* RECORDS FOR THE EXERCISE
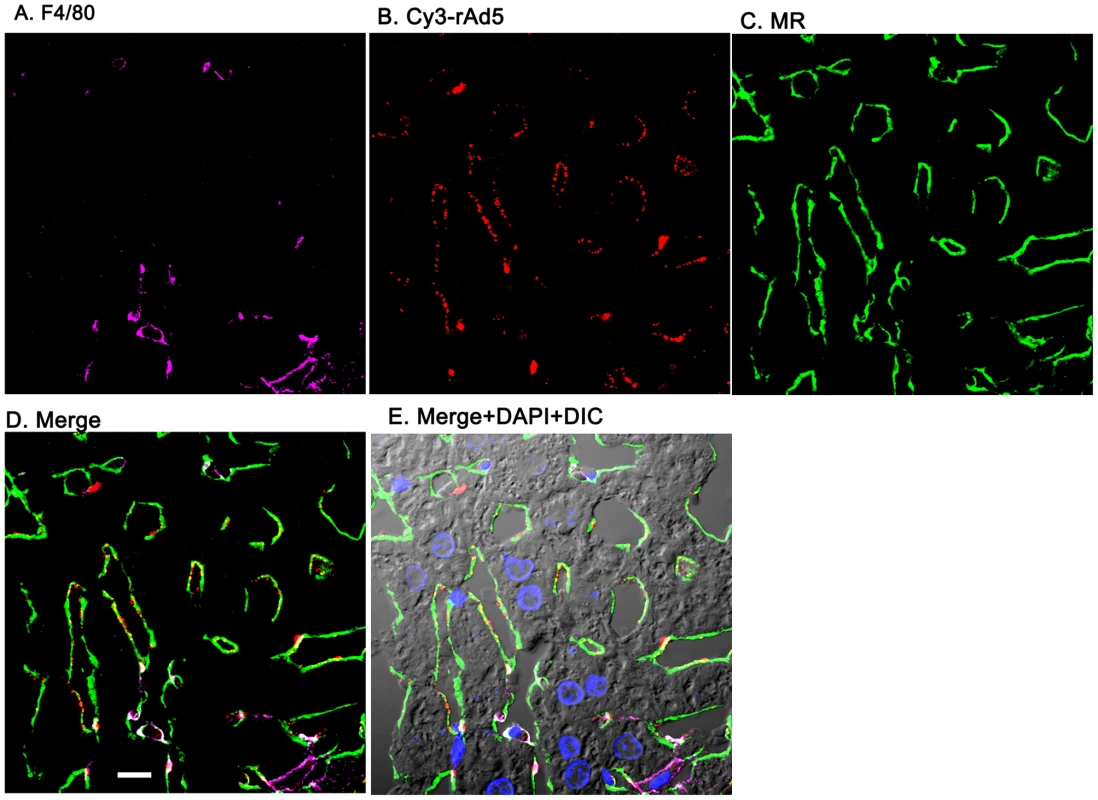 Cy3-labeled rAd5 localize predominantly to LSEC.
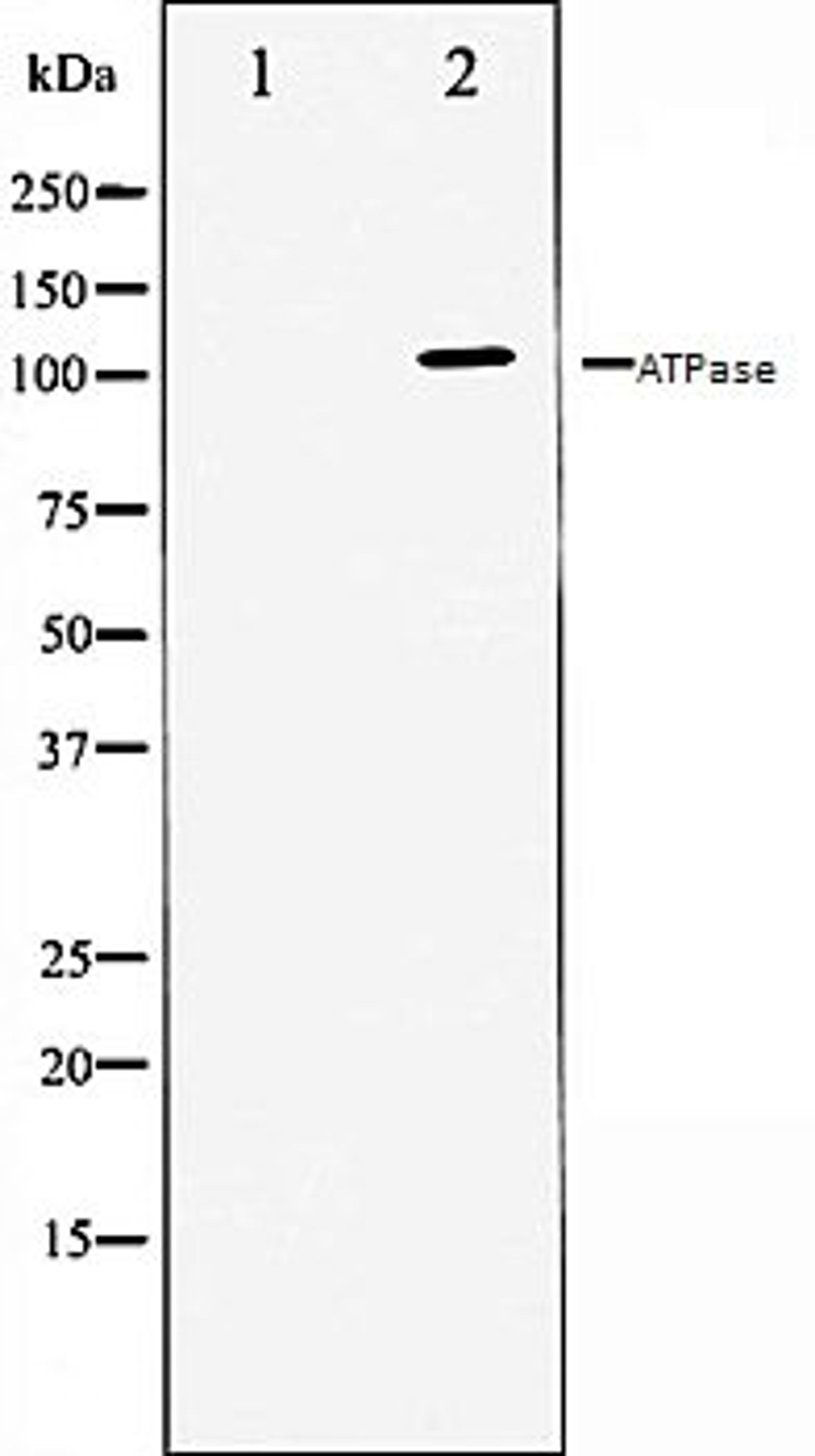 Western blot analysis of 293 whole cell lysates using ATPase antibody, The lane on the left is treated with the antigen-specific peptide.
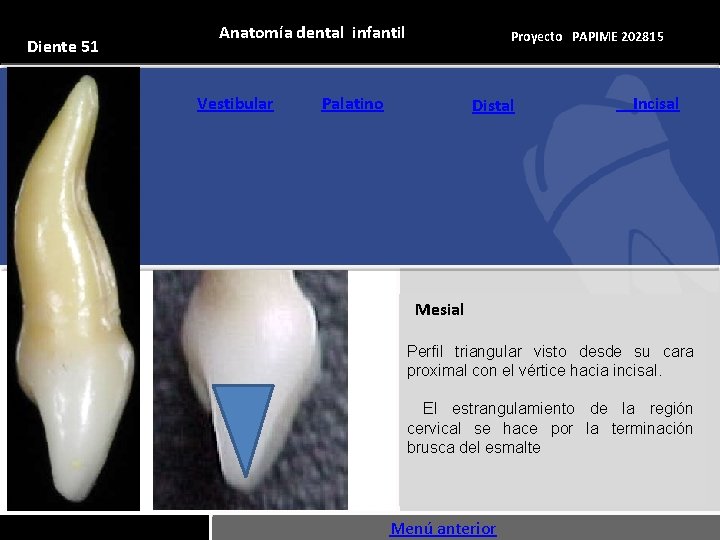 Diente 51 Anatomía dental infantil Vestibular Proyecto PAPIME 202815 Palatino Distal Incisal Mesial Perfil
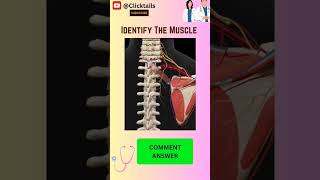 Identify the Muscle of upper limb quiz #upperlimbanatomy #anatomy #humananatomy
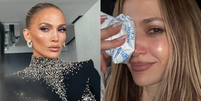 Jennifer Lopez sofre acidente em ensaio de premiação e leva pontos no rosto  Foto: Reprodução/Instagram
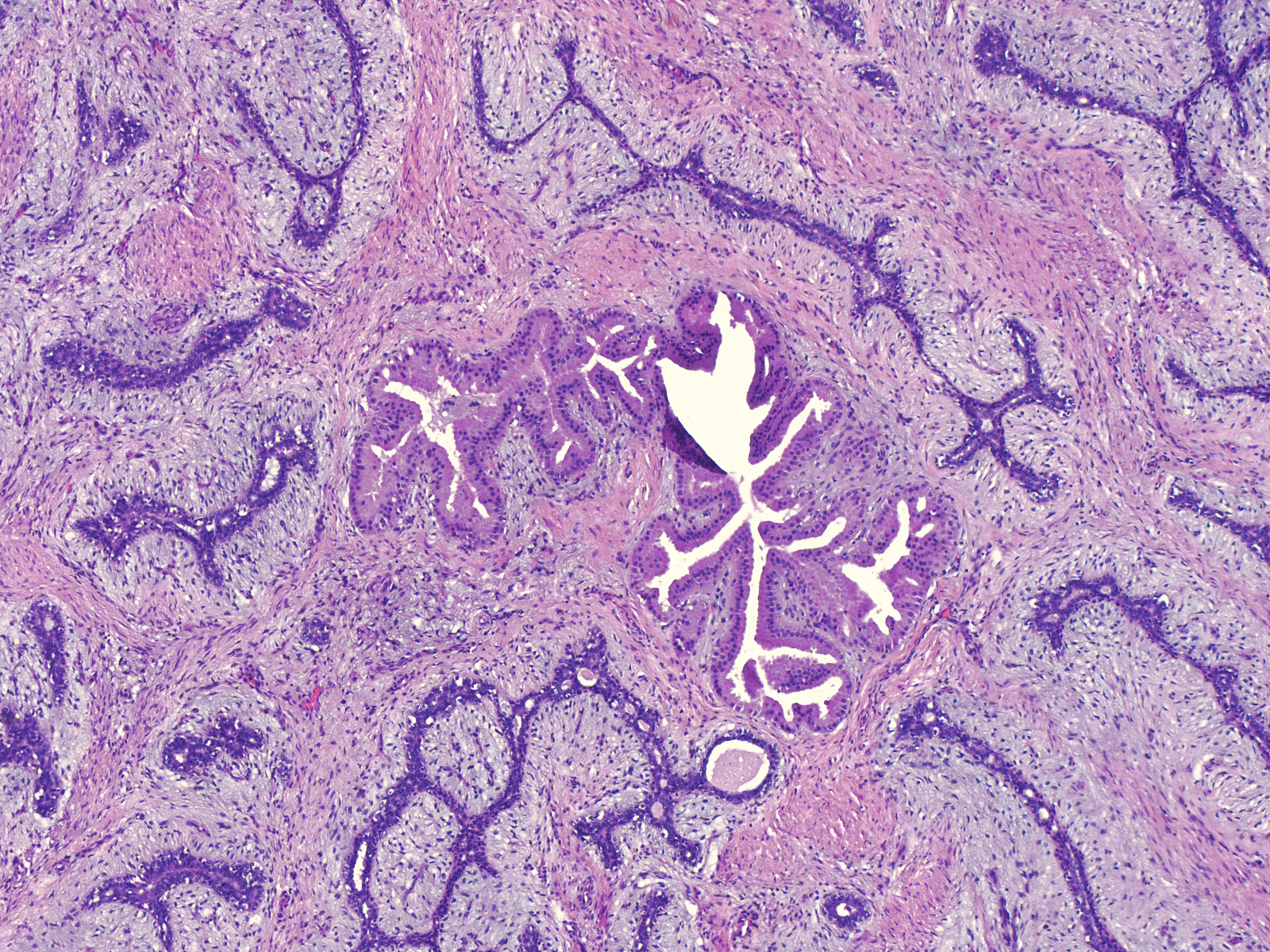 Apocrine_metaplasia.jpg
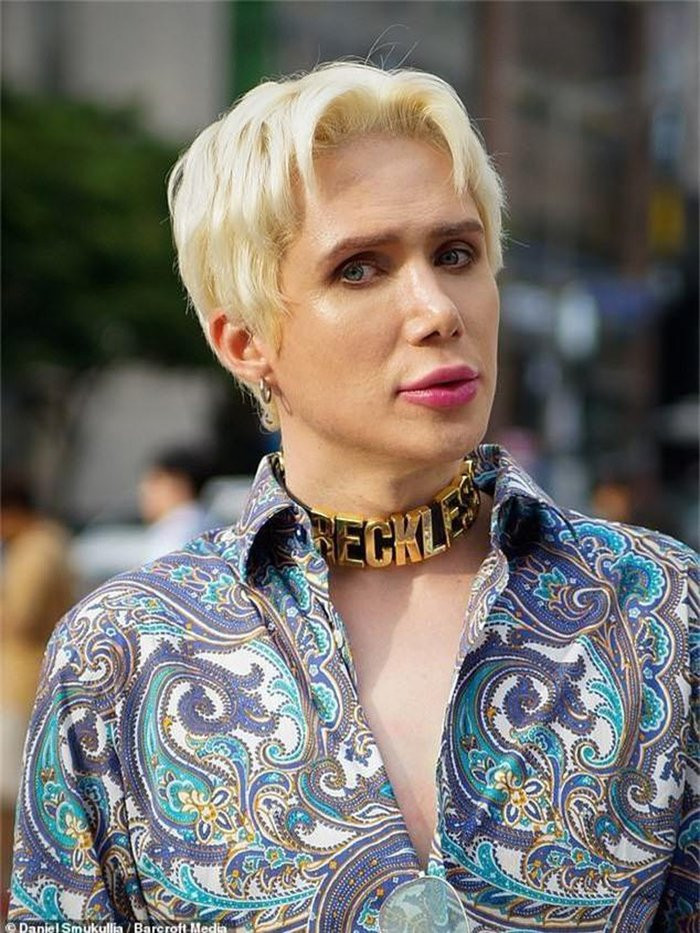 Hình ảnh về Oli London, người đã bỏ ra hàng tỷ đồng và trải qua hơn 15 cuộc phẫu thuật thẩm mỹ để có gương mặt giống với thành viên Jimin của BTS. (Ảnh: Daniel Smukullia/Barcroft Media)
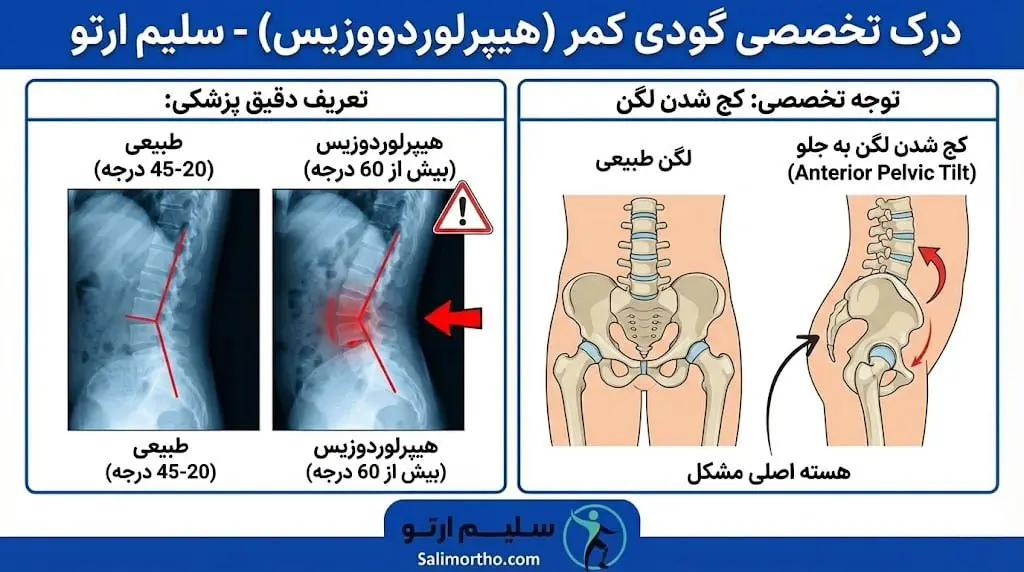 گودی کمر (لوردوز) درمان گودی کمر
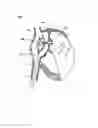 Fig. 04 - METHODS AND DEVICES FOR INTRA-ATRIAL SHUNTS HAVING SELECTABLE FLOW RATES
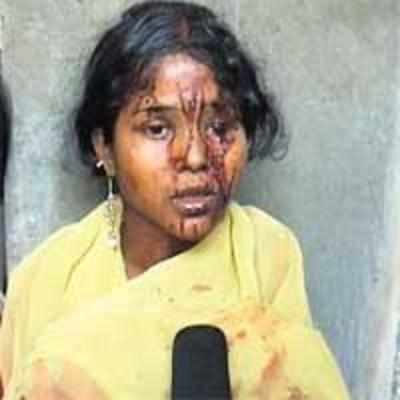 Woman beaten up at Turbhe police station rushes straight to court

* INSTRUCTIONS TO FOLLOW
The needed output is the lines from the one with "Apocrine_metaplasia.jpg" through the end of the listing, written out exactly, both ends included, pictures excluded.

* PROBLEM SOLUTION
 Apocrine_metaplasia.jpg
 Hình ảnh về Oli London, người đã bỏ ra hàng tỷ đồng và trải qua hơn 15 cuộc phẫu thuật thẩm mỹ để có gương mặt giống với thành viên Jimin của BTS. (Ảnh: Daniel Smukullia/Barcroft Media)
 گودی کمر (لوردوز) درمان گودی کمر
 Fig. 04 - METHODS AND DEVICES FOR INTRA-ATRIAL SHUNTS HAVING SELECTABLE FLOW RATES
 Woman beaten up at Turbhe police station rushes straight to court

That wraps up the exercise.